Thursday, July 21, 1921
I will arise and go now – go to White Sulphur Springs,
And stay there till my money in my lean, flat wallet fails.
And I will have some golf there, for golf is the sport of kings,
And this same course has harbored the well known Prince of Wales,
And presidents have played there and followed the bounding sphere,
And enjoyed the golf and the water, the grub and the atmosphere.
The annual State Golf Tournament being set for White Sulphur Springs beginning on the 12th of this month, we gathered up our spillikins and hit the road for the meeting place. It has got to be a sort of habit to go to this meeting with John A. McLaughlin and, so as the years go by, we take a little of our hard earned savings and blow it on a week of golf.
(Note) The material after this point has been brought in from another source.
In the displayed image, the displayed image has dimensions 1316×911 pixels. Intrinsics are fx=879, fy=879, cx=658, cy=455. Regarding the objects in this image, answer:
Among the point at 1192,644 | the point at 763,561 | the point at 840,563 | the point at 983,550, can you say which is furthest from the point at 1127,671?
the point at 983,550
It is such a surprising thing that there is a branch of athletics open to the aged, that we feel that it would be too bad not to take advantage of the opportunity…
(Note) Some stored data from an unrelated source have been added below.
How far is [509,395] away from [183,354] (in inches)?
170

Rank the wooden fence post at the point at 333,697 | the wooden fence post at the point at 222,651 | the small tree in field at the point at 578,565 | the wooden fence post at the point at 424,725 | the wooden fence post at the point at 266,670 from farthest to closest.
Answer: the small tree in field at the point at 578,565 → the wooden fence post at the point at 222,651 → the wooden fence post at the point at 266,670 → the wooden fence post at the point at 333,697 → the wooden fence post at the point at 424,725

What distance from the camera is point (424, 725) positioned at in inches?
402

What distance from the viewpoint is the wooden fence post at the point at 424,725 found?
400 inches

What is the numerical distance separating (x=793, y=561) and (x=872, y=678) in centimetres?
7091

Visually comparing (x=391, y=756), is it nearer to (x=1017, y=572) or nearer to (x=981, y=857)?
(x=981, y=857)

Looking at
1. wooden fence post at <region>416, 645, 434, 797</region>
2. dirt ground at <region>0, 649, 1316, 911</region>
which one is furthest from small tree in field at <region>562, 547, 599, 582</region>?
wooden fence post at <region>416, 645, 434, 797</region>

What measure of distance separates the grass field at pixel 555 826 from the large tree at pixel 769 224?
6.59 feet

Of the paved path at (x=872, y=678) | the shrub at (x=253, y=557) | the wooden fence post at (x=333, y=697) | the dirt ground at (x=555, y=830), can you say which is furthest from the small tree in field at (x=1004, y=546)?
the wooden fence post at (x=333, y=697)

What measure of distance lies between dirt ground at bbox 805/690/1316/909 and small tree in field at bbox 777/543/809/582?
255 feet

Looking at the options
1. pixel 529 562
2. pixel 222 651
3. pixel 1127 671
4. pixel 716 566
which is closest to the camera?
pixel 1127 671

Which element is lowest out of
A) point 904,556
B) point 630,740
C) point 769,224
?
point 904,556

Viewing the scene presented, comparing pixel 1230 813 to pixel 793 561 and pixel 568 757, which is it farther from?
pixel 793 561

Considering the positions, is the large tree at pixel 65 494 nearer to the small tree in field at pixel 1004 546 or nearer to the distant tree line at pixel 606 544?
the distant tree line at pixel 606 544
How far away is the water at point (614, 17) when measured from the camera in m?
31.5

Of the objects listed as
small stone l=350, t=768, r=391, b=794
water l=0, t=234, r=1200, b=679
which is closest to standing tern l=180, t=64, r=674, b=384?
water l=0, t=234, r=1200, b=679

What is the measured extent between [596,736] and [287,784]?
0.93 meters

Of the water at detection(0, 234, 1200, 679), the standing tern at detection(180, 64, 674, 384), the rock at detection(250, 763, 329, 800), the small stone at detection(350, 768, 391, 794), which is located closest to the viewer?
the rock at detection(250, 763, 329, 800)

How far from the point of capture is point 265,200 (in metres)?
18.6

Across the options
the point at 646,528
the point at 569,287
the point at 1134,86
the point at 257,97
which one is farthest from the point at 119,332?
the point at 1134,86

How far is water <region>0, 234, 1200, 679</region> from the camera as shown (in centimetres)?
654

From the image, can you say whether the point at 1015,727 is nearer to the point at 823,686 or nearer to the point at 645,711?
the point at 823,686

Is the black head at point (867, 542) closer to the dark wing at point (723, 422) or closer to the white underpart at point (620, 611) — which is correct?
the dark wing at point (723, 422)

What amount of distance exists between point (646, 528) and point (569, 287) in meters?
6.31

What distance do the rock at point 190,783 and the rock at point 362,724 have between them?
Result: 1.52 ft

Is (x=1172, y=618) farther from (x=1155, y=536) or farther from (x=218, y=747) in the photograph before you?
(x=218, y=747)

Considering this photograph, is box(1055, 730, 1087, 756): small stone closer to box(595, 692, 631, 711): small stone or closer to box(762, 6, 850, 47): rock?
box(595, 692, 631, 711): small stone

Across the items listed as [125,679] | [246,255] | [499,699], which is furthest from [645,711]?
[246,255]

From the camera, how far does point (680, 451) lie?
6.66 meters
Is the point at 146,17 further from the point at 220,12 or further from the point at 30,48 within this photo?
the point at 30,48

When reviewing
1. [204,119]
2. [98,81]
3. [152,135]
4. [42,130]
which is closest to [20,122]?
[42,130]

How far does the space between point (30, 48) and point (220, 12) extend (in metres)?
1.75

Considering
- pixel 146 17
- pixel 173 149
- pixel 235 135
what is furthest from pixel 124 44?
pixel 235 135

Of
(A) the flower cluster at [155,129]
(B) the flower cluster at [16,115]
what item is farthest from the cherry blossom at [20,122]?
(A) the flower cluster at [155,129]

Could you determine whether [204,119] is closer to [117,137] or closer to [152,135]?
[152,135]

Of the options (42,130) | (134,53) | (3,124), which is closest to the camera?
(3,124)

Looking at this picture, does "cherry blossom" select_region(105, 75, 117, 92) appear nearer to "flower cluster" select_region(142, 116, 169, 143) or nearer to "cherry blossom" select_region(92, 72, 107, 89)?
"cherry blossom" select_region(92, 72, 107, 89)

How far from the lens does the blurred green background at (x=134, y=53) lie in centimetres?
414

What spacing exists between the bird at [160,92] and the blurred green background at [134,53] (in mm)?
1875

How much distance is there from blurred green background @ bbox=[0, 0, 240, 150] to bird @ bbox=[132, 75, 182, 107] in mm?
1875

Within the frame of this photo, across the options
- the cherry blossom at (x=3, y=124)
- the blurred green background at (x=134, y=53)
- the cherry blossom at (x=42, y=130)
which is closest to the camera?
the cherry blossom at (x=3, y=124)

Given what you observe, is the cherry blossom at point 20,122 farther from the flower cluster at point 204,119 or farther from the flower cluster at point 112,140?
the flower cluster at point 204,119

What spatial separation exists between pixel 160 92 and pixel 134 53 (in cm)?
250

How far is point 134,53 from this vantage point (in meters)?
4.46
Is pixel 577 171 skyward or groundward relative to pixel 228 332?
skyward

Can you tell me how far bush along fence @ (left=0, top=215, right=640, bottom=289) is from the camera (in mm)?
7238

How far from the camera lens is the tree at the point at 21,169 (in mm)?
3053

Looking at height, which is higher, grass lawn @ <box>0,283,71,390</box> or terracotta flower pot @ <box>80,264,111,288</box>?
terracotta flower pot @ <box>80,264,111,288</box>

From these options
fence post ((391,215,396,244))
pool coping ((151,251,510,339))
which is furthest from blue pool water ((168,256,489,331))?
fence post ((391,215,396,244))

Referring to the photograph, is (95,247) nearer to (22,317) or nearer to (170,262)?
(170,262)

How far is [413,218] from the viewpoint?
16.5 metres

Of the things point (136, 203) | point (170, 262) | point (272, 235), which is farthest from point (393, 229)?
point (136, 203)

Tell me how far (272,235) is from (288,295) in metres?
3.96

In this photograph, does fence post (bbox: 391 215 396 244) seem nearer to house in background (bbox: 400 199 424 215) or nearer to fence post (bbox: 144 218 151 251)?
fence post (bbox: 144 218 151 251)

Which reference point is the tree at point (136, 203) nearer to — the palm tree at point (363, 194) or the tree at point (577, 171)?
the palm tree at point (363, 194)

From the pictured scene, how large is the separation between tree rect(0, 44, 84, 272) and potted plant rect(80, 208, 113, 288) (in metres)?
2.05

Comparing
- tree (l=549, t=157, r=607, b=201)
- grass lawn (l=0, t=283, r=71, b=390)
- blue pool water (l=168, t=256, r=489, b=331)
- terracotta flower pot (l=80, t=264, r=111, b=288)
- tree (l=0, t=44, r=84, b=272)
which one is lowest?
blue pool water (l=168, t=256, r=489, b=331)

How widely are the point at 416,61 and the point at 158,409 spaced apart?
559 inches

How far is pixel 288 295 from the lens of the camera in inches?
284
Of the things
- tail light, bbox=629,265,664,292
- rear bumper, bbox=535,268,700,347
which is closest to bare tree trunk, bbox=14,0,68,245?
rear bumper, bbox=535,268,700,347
It has been pretty dry at the White. The grass was badly burned in spite of the lavish use of water. There was a sort of conflict of desires in regard to the question of rain for all over the State this has been a dry summer and the people have been praying for rain. It has been a season of gentle showers that have been sufficient to keep the crops in fair condition, but it has been so near a drought that man has been made to realize his helplessness.
Like the mountain preacher in The Little Shepherd of Kingdom Come, it has become the custom to pray for rain:
“O, Lord, we do not presume to dictate to thee, but we need rain and need it mighty bad. We do not presume to dictate, but if it pleases Thee, send us, not a gentle sizzle-sozzle, but a sod-soaker, O, Lord, a gully-washer. Give us a tide, O Lord…”
We never know how to write about golf as it is not a universal game as yet, and it has a language all its own and words that become familiar to the addict may require a dictionary meaning to the uninitiated.
Thus the reader might have trouble interpreting such statements as the following:
Shedding his wammus with one convulsive shake, Gerald seized his noblock and taking his stance upon the follow through, cried out, “Score.” With one eye on the ball and the other on the flag, he heaved and struck, and the mighty Iron descending drove the bunker through the hazard. But the master mind of the Scotch pro was not greatly affected by the effort. His grudging admiration contented itself with half praise: “Hooch, mon, ye’re a ‘tee’d up.” And even while he spoke, the noble youth collapsed upon the mound.
“All bare and exposed to the midnight dews,
Reclined on a bunker we found him
He looked like a gentleman taking a snooze
With a moonshine smell around him.”
DO WE HAVE ANY ROAD LAWS?
If so, why are they not enforced to the extent that there are not horses, cows, calves, sheep and hogs running in the road at all times?
It is really dangerous to auto travelers as one can never tell when any of the above named stock is going to start, turn or stop. Sometimes horses will run in front of a car for half a mile throwing mud and dirt.
Let us look at it in this way. Suppose all the farmers and folks that own a horse down to a pig turn them at large in the road, how would this be? And yet, if it is a law and fair for one it is for all. And stock at large is continually tramping down the banks along fences soon letting them slide into the road or side ditch. This is one thing that surely should be amended on.
Let us hear from others.
A taxpayer in
Little Levels District
Wheat harvest is about over and the yield will not be more than half a crop. Corn is looking fine, but is needing rain very bad; hay will make about one half a crop.
Mrs. Gay Campbell is visiting at Dunmore this week.
T. M. Gum and Austin Little have bought a tractor. They are going to do the threshing in the community.
We learn that the Board of Education of Huntersville District has thrown the Bethel, Thorny Creek and Mt. Zion schools into one, making Mt. Zion the center point for the other two schools to attend, and will build a two room school house at Mt. Zion. The board will furnish transportation for the ones who live at a distance.
Everett Dilley has commenced work on his new house.
A.J. Dilley has purchased a sawmill and is doing quite a bit of sawing.
Mrs. John H. Shrader and her little granddaughter, Wilma Dilley, were visiting her daughter, Mrs. Willie Grimes, at Raywood, last week.
Fine rains through this section has revived everything, and our people are going forward with renewed energy.
Our people are in the midst of haymaking. On account of the recent rains it is rather difficult harvesting.
W. D. Burgess had the misfortune to fall out of his barn loft and almost dislocated his knee. At the same time, one of his little children fell out and broke an arm.
Daniel and Charles Carpenter, of Beaver Dam, were guests of Mr. and Mrs. G. A. McNeill this week.